Interactive (di Danelon Luca, of Italy) may have found a good formula. Compile a bimonthly CD-ROM, grab as much good new stuff as you can find, make sure everything has an icon and is fairly easy to launch, and top it all off with a strong set of commercial demos and two or three registered shareware or commercial 'coverdisk' titles that people might actually want to use. Oh, yeah, and put Eric Schwartz artwork on your CD sleeve and the disc itself.
Started in September 1996 with Volume Zero (I'm not quite sure why), the three entries we were sent reflect their origins and what at the time was a primarily Italian market focus, but the publisher tells me that he's looking to expand distribution to more of Europe and North America, and will be compiling English language versions as well. As it stands now, the AmyResource CDs are geared to an Italian user although a number of the programs on the CDs do have English documentation. The registered packages tend to have both English and Italian documentation, although this is not always the case. (a couple of programs on CD #0 seemed to be Italian-only).
Like I said, it's tough to put together a set of CDs that will continually endear itself to users when they can pick up the really inexpensive Aminet CDs instead. But for all the good stuff on Aminet, and the ease of use of the AmigaGuide interface, it's not necessarily the easiest thing in the world to navigate and also isn't as pretty as a bunch of classy icons would be--and that's what AmyResource does. The only recent general interest CD series I can look at as having great appeal have been magazine covermount CD-ROMs (at the very least, CU Amiga and Amiga Format now offer them monthly) and the more occasional AGA Experience discs, now up to volume 3. The magazines have the advantage of a readerbase looking for things to do with their Amiga and magazine tie-ins, as well as the magazine's coverdisk software (and probably a lot of support material to boot which wouldn't have fit on a floppy.) The AGA Experience CDs tend to gear themselves at being very visual.
AmyResource is a pretty balanced collection, as you would expect something with its frequency to be. Of course, I couldn't get full enjoyment out of everything because of the language barrier, but hitting 'install' is obvious enough in most any language, to set up assigns and so forth.
Volume Zero has a very well thought out collection. There are demo versions of Haage and Partner's software library (ArtEffect, StormC, StormWizard), large parts of Cloanto's library, Cinema4D 3.1, and others. As well, there are a number of game demos, a whole mess of freely redistributable software, a collection of mods, and the commercial/registered versions of ImageStudio 2.3, McFiler, and MUI More. ImageStudio is the attraction here--for a low-end image processor and converter, it can't be beat.
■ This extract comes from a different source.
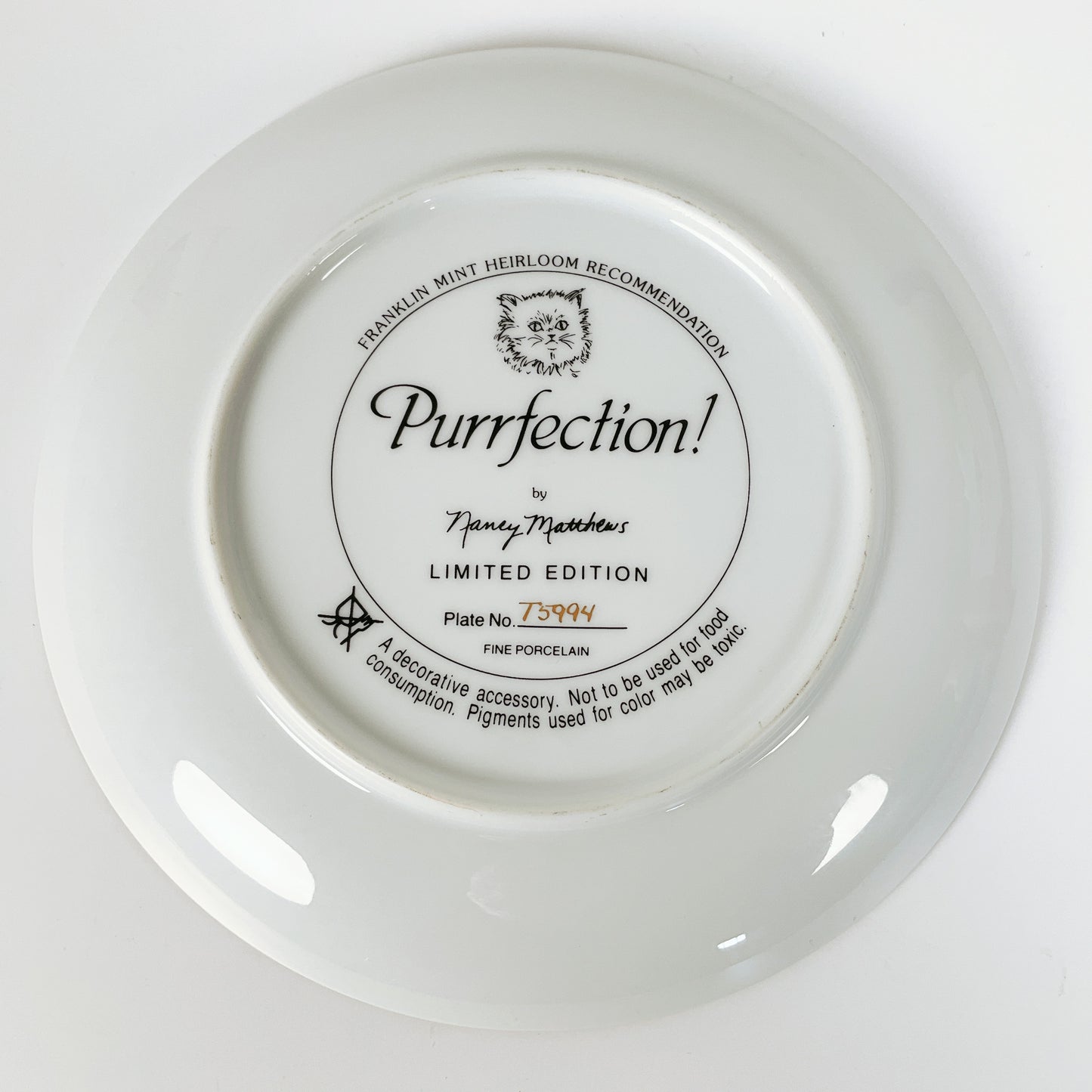 Franklin Mint - "Purrfection!" by Nancy Matthews Decorative Plate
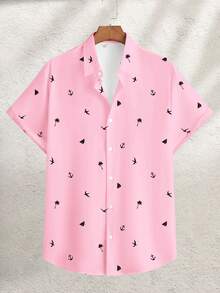 Manfinity RSRT Áo sơ mi nam cỡ lớn in hình mỏ neo, cài cúc phía trước, tay ngắn, kiểu dáng thường ngày. - Hồng - Xem 3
Volume One caused me a bit of trouble with the installer for some reason. The "coverdisk" collection this time is CygnusEd and Amiga E--two very useful packages, although I think CED is pretty dated. Still, lots of people seem to swear by it.
Volume Two -- well, you get the idea here. Given away are Doopsi and WebPlug, the HTML editor.
AmyResource is also now using a Web interface (with AWeb and IBrowse demos provided) to make getting around the CDs easier.
So, keep an eye out for this series when it's released in English. I'm told there's likely to be a "best of" CD to introduce the English versions.